Vantage Point: Maternal Influence

By Ken Horn
May 8, 2011

The way we remember people is not always the way they really were. Friends and loved ones often have strengths and assets that go unnoticed. Mothers often fall into that category.

My sister Pat recently reminded me of this. I was young when she and her family left our hometown in California to live in Mississippi, so I don’t really remember this story. Moving so far away was a big deal 40-plus years ago when long-distance phone calls were spendy and, thus, infrequent. When the time came for their departure, my dad was too emotional to do much of anything. It was my mother who pulled the family together and prayed for them.

“It’s the first time I heard Mother pray in tongues,” Pat said.

We have a number of friends I would consider “supermoms” — women who balance family, ministry and sometimes secular vocation while clearly building solid relationships with their children and providing spiritual strength for their families. I don’t quite know how they do it.

But we also know a lot of moms like mine, often stay-at-home moms, women with quiet strength and deep influence in their homes.

Twice the Book of Proverbs tells us, “Do not forsake your mother’s teaching” (1:8; 6:20, NIV).
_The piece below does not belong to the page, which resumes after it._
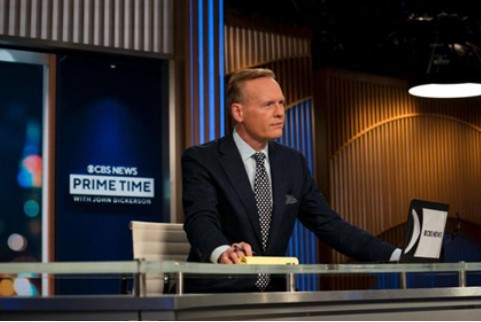 CBS-News-Prime-Time-with-John-Dickerson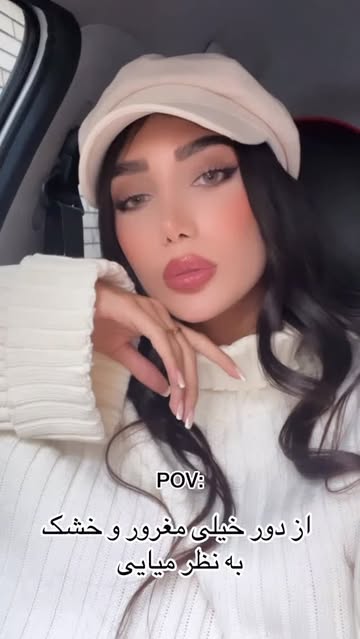 Instagram post DSIELqXjFRk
Yes, this would apply to the many moms who homeschool today, but there is a far deeper meaning. Most Christian mothers, regardless of whether they have an outgoing personality or a reserved one, teach their children by the way they live.

Growing up, I didn’t realize the extent of my mother’s influence. Upon reflection, a passage that describes her is Romans 12:9-11: “Let love be without hypocrisy. ... Be kindly affectionate to one another with brotherly love, in honor giving preference to one another; not lagging in diligence, fervent in spirit, serving the Lord” (NKJV). How many of us have godly mothers to whom this applies?

Godly mothers have a way of putting their imprint upon their families. If yours is living, thank her and honor her. If she is gone, honor her by remembering her contributions and sharing them with family and friends.